* [Work instructions]: The required result is an exact copy of every line from the one with "OEM 2014-2019 Toyota" through the last line below, with the pictures left out.

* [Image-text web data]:
-*-

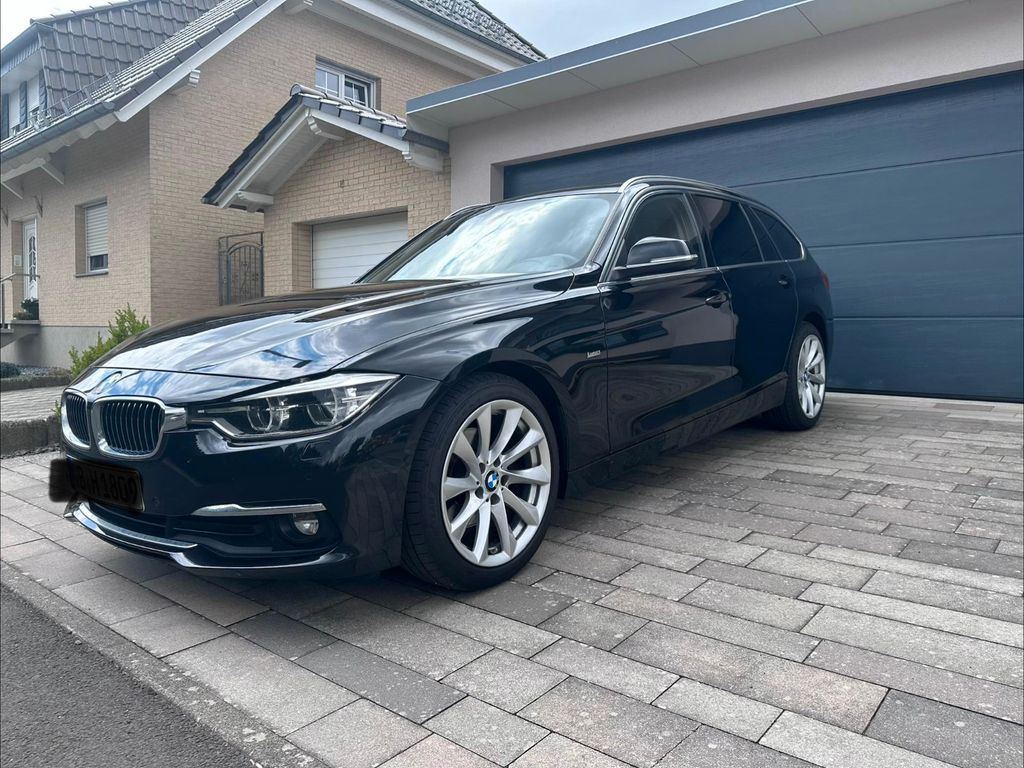 Image of BMW 320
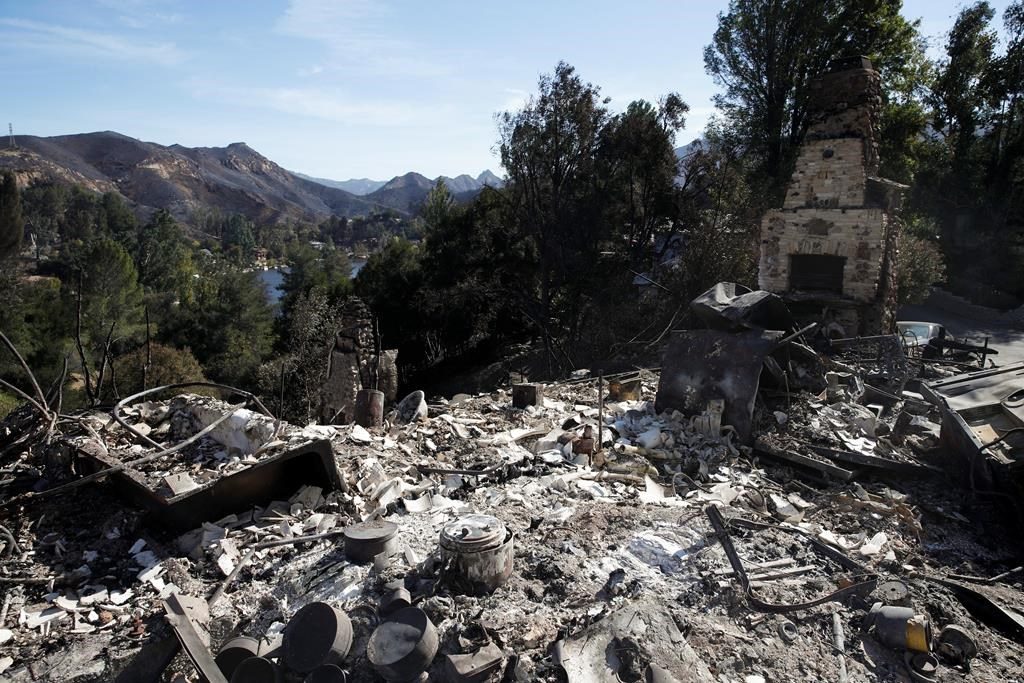 woolsey fire santa monica mountains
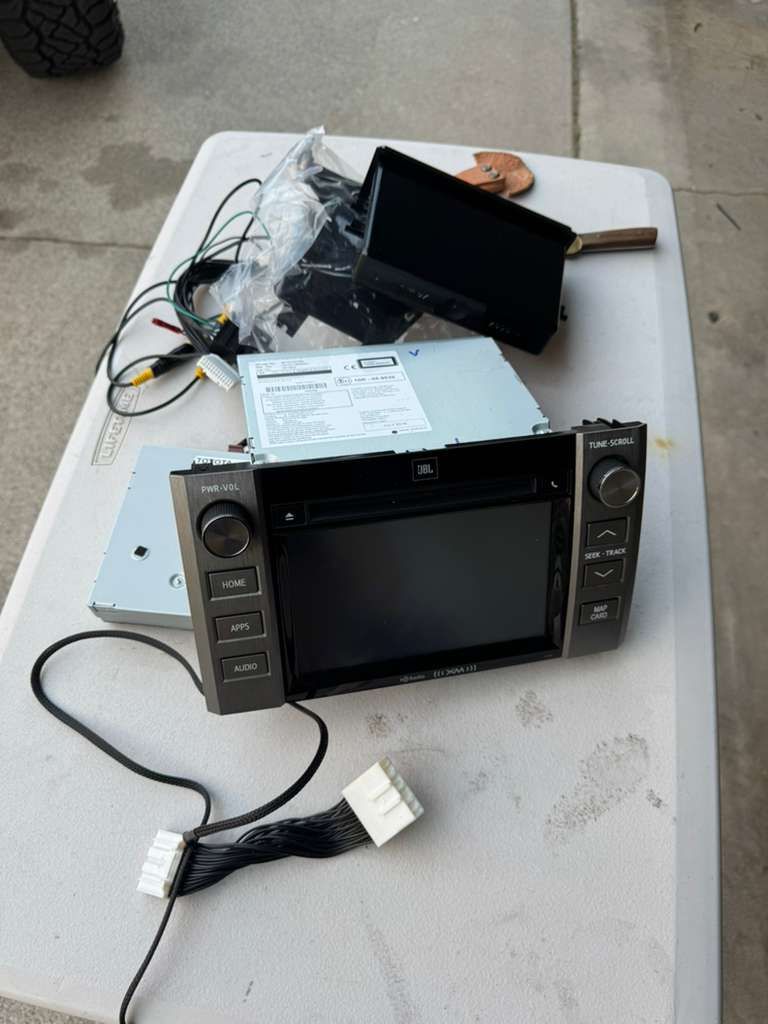OEM 2014-2019 Toyota Tundra Radio / Touchscreen Head Unit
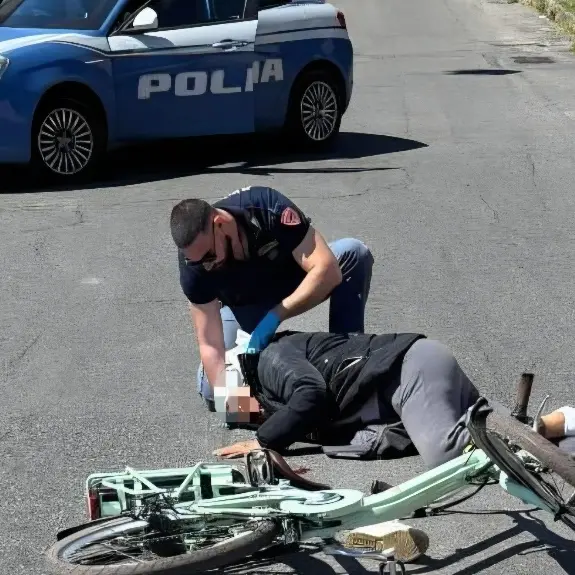Gioia Tauro, cade dalla bici e sbatte il viso contro l’asfalto: polizia soccorre una donna che rischia di soffocare\n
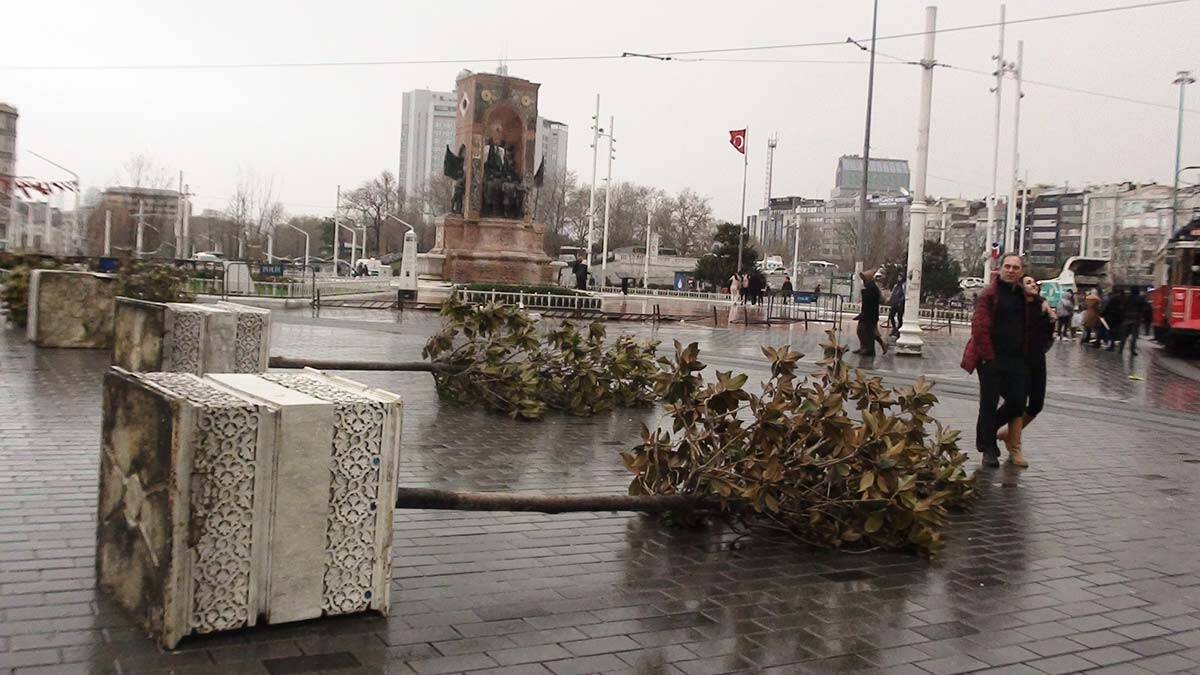 İstanbul'da yüz yüze eğitime 1 gün ara verildi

-*-

* [Exercise solution]:
OEM 2014-2019 Toyota Tundra Radio / Touchscreen Head Unit
Gioia Tauro, cade dalla bici e sbatte il viso contro l’asfalto: polizia soccorre una donna che rischia di soffocare\n
 İstanbul'da yüz yüze eğitime 1 gün ara verildi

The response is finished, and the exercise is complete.